**How to complete this task**
Repeat exactly, and only, the lines of the entries below from the one with "P50010 | Fren" through the one with "SOLD Vintage SCALA", both ends included.

======== Supplied data ========

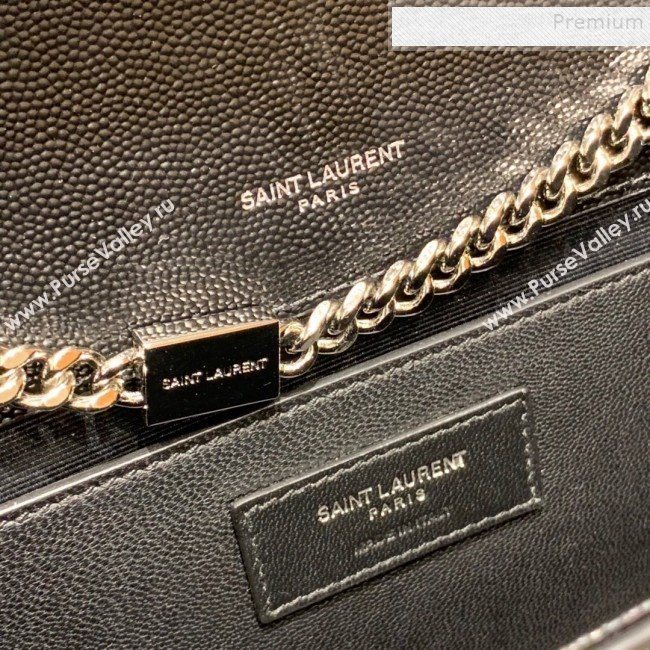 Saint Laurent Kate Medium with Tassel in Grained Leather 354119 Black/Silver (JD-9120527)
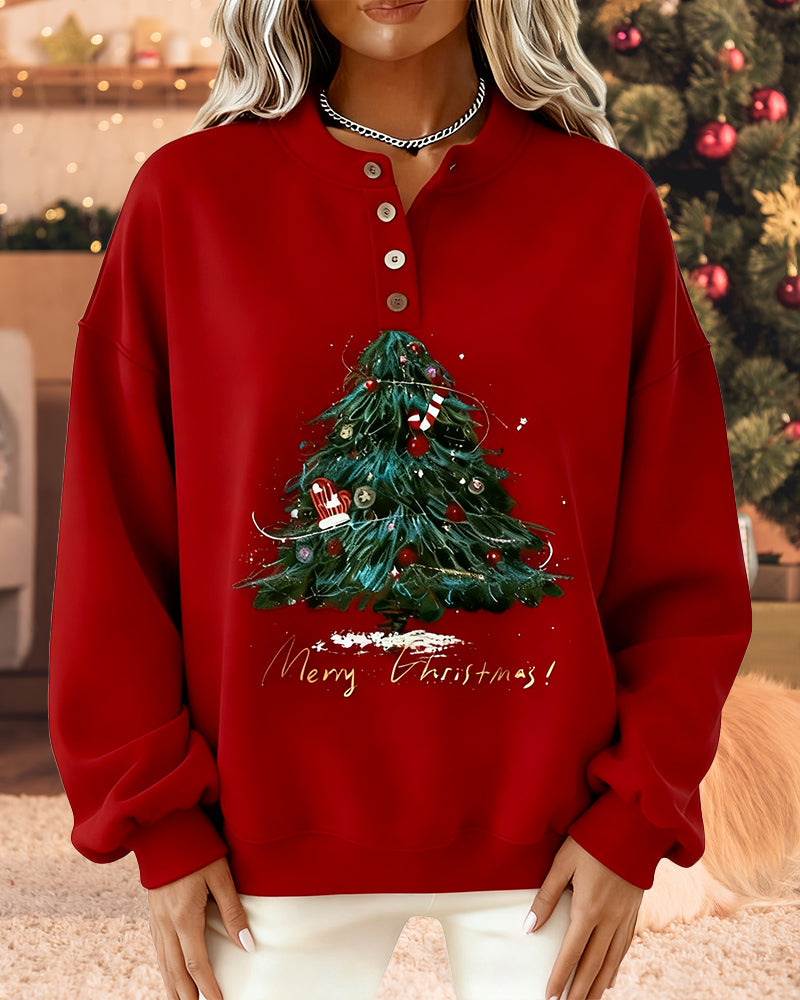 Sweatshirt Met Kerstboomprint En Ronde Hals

========
======== Supplied data ========

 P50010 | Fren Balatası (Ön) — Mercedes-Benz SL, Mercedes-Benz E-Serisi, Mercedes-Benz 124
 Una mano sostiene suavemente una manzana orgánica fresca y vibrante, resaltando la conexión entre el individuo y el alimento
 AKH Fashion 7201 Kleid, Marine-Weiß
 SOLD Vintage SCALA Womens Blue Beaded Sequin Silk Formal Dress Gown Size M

========

**Finished task**
 P50010 | Fren Balatası (Ön) — Mercedes-Benz SL, Mercedes-Benz E-Serisi, Mercedes-Benz 124
 Una mano sostiene suavemente una manzana orgánica fresca y vibrante, resaltando la conexión entre el individuo y el alimento
 AKH Fashion 7201 Kleid, Marine-Weiß
 SOLD Vintage SCALA Womens Blue Beaded Sequin Silk Formal Dress Gown Size M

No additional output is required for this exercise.